The government of Taiwan has signaled plans to bar crypto from its 2024 presidential elections. The move aims to curb bribery and corrupt practices. The nation’s Supreme Court has prosecuted over 1,3000 cases of election bribery in the past year.
The Taiwanese Ministry of Justice has decried the increasing cases of election bribery and corrupt practices in the country. The agency says bad actors have devised various means of bribing corrupt officials, including via bitcoin (BTC) and other digital currencies.
The authorities claim that residents have received over 1,254 billion yuan in rewards for reporting suspected cases of bribery to law enforcement agents since 2000, and the apex court has successfully prosecuted 1,335 bribery cases related to the country’s nine-in-one election of 2022.
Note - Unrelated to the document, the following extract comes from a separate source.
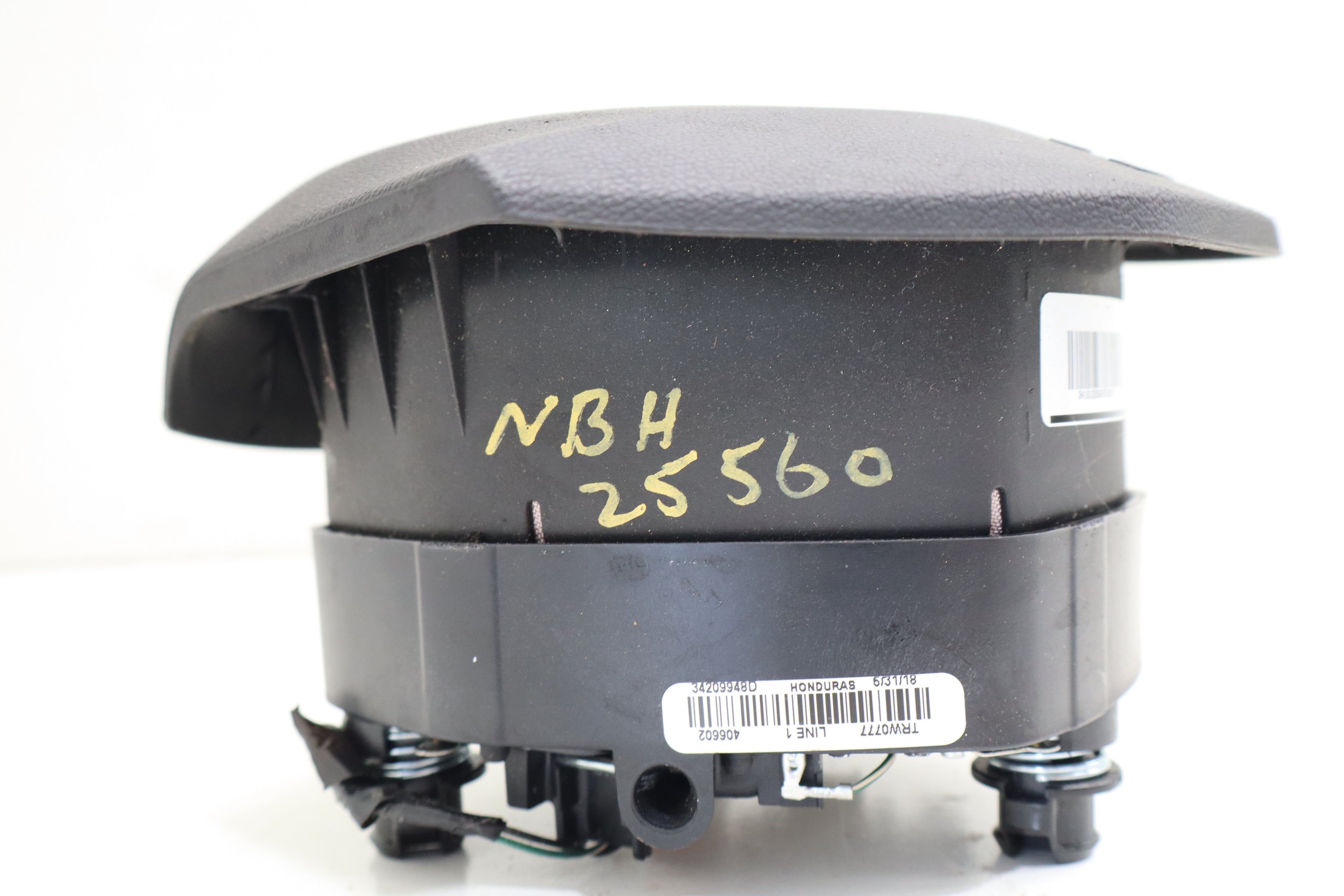 2019 Chevrolet Camaro Driver Steering Wheel Airbag Module OEM 1G1FH1R7XK0108209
Some of the corrupt officials punished include Tainan City Council Speaker Qui Lili, and Deputy Speaker Lin Zhizhan, amongst others.
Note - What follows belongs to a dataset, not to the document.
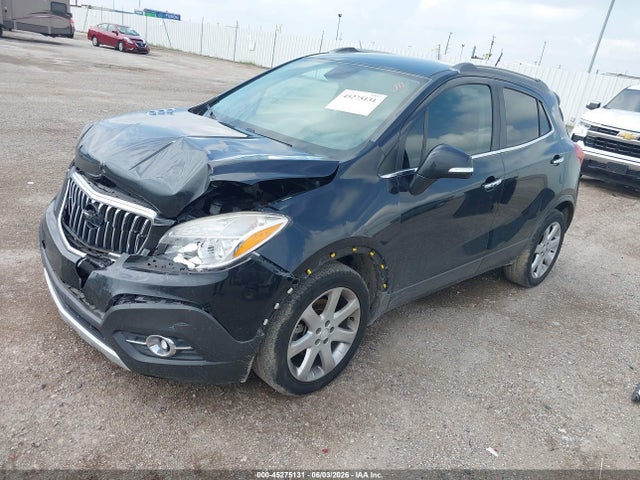 Продаж на аукціоні авто 2015 Buick Encore Convenience, vin: KL4CJBSB8FB256866, номер лоту: 45275131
The ministry has made it clear that virtual currencies like bitcoin and ether (ETH) and other emerging platforms, including Line Pay, Pi Wallet, and Jiekou Payment, may serve as effective tools for election bribery.
Against that backdrop, Taiwanese authorities are now collaborating to ensure these innovative payment methods are not used in the country’s presidential election slated for next Jan.
Despite their alleged use by bad actors for the wrong purposes, several politicians in the United States have recently accepted crypto donations during electioneering campaigns. Blockchain-based voting has also been explored across various jurisdictions in the past.